== Segment start ==

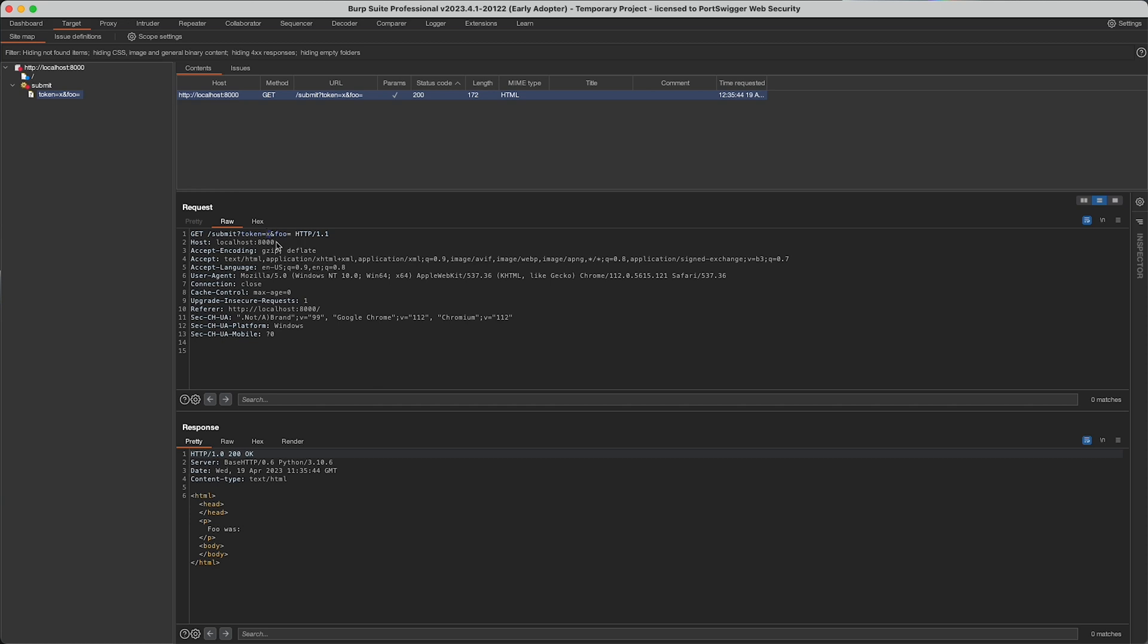Instead, Burp Scanner understands the features of the insertion point it's using and can dynamically relocate each time.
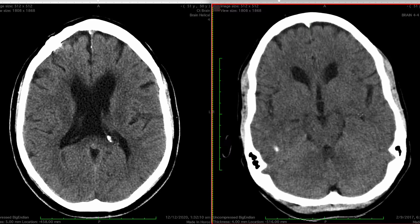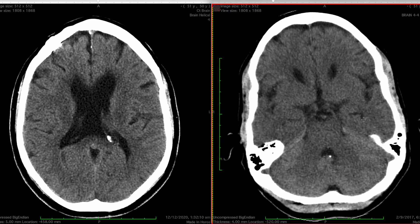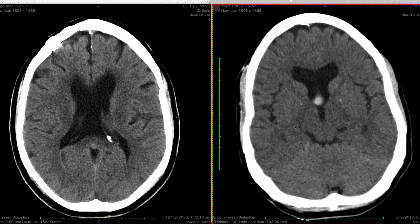We can also say that there is no evidence of transependymal edema, because the periventricular space right next to the ventricles is not low density.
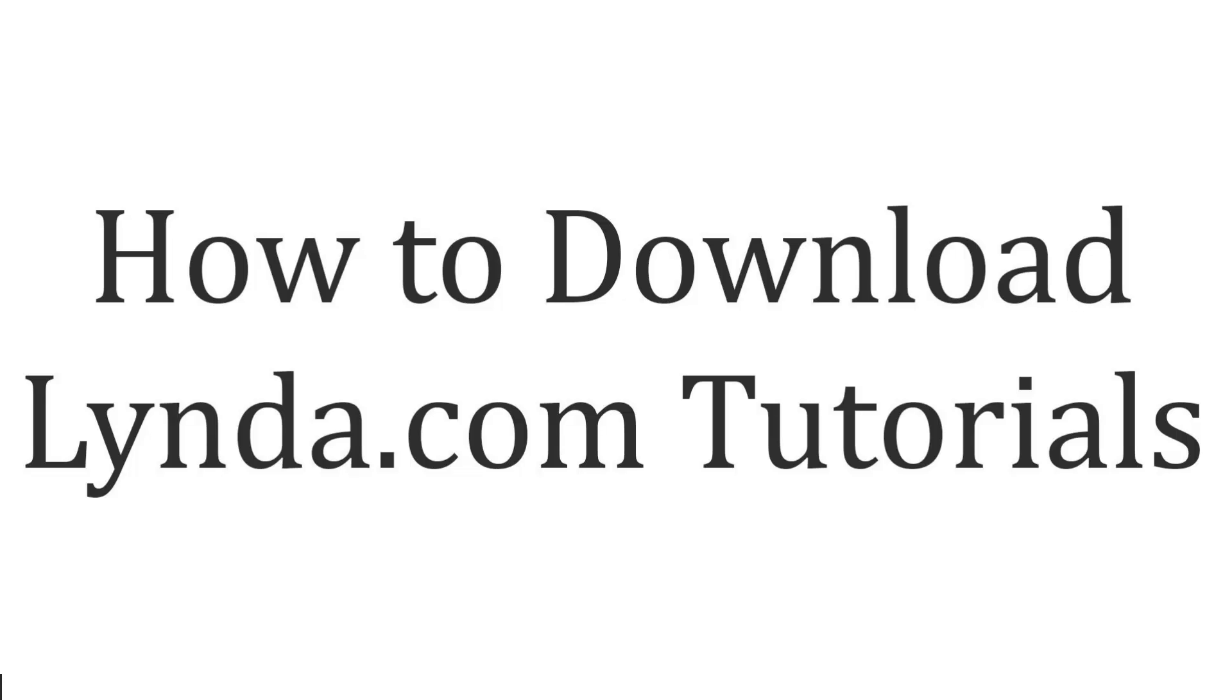This is a quick video on how to download tutorials from lynda.com. First, you're going to need a lynda.com account. Then once you've signed up, you can access the courses and download them from there.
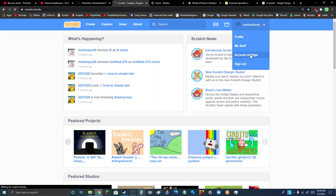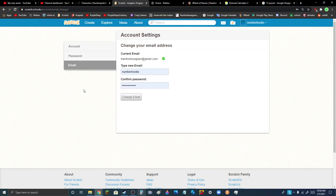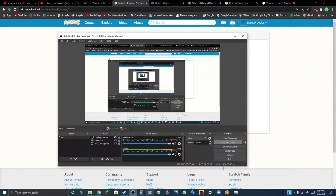Just go to account settings, then go to email. You can change your email or just put your email there, and then you'll be able to share a project.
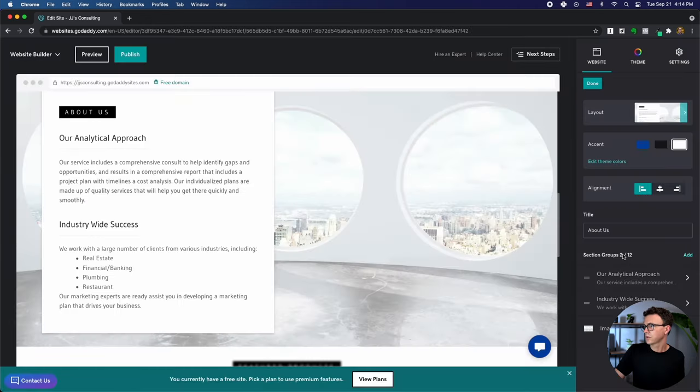Were you able to follow along and build your website with GoDaddy? If so, I'd love to check it out — leave a link down below in the comments to your newly built website. If you want to check out other website builders or any other content related to building a website, check out the playlist right here. Hope to see you in those and future videos. Bye-bye.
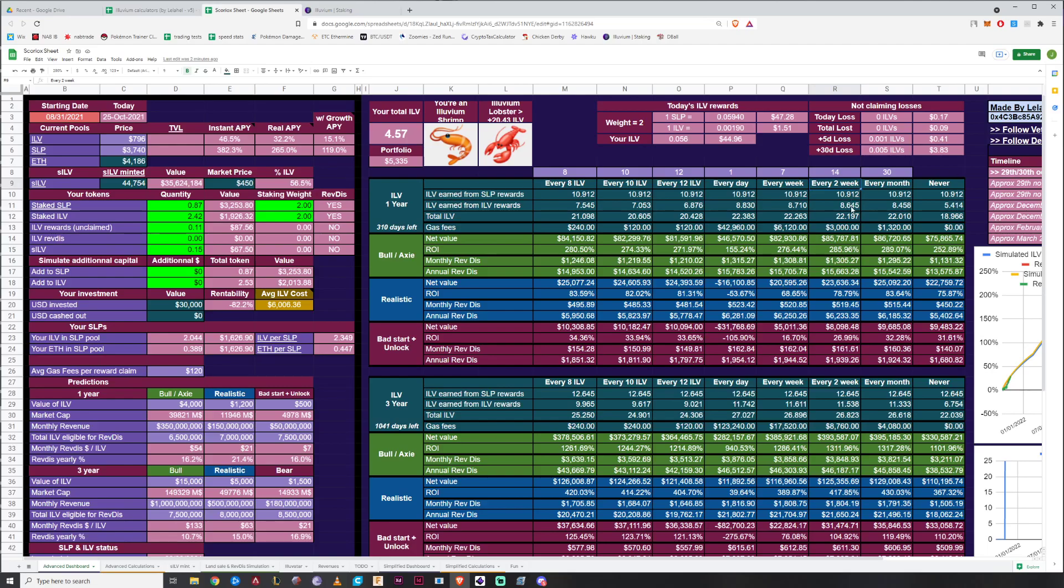How much ILV you would have after one year. So if I claimed my rewards every two weeks I would have 22.197, every week 22.263. So it's just a little bit more but you can actually look at the gas fees and how much more it becomes. It's like double if it's every week which makes perfect sense because it's twice the amount. Sorry if I'm going too fast. I'm trying to get this done quickly. If you have any questions just leave a comment.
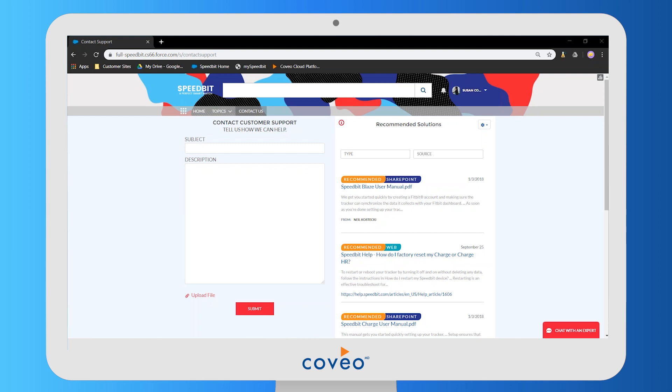They land on this page here that we see on screen. On the left is the Salesforce case creation component and on the right is Coveo's out-of-the-box case deflection panel.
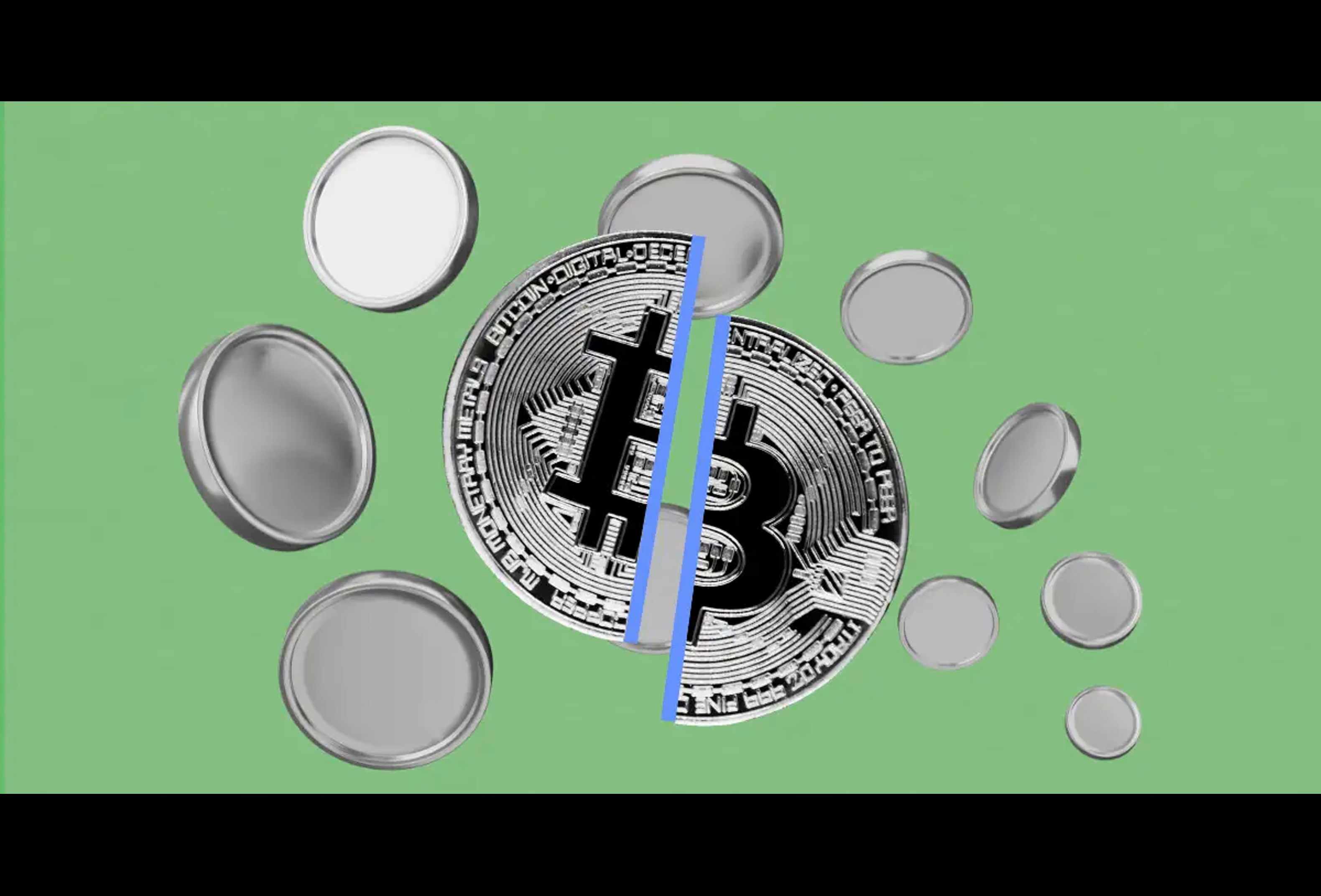With Bitcoin's halving event just around the corner, concerns are mounting over a potential flood of BTC supply hitting the market. Analysts at 10x research suggest that Bitcoin miners could liquidate up to $5 billion worth of BTC in the months following the halving.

== Segment end ==

- **Work to be completed**
Using the entries above, extract exactly the lines from the one that contains "This is a quick" through the one that contains "Were you able". Do not carry over any pictures.

- **Solution**
This is a quick video on how to download tutorials from lynda.com. First, you're going to need a lynda.com account. Then once you've signed up, you can access the courses and download them from there.
Just go to account settings, then go to email. You can change your email or just put your email there, and then you'll be able to share a project.
Were you able to follow along and build your website with GoDaddy? If so, I'd love to check it out — leave a link down below in the comments to your newly built website. If you want to check out other website builders or any other content related to building a website, check out the playlist right here. Hope to see you in those and future videos. Bye-bye.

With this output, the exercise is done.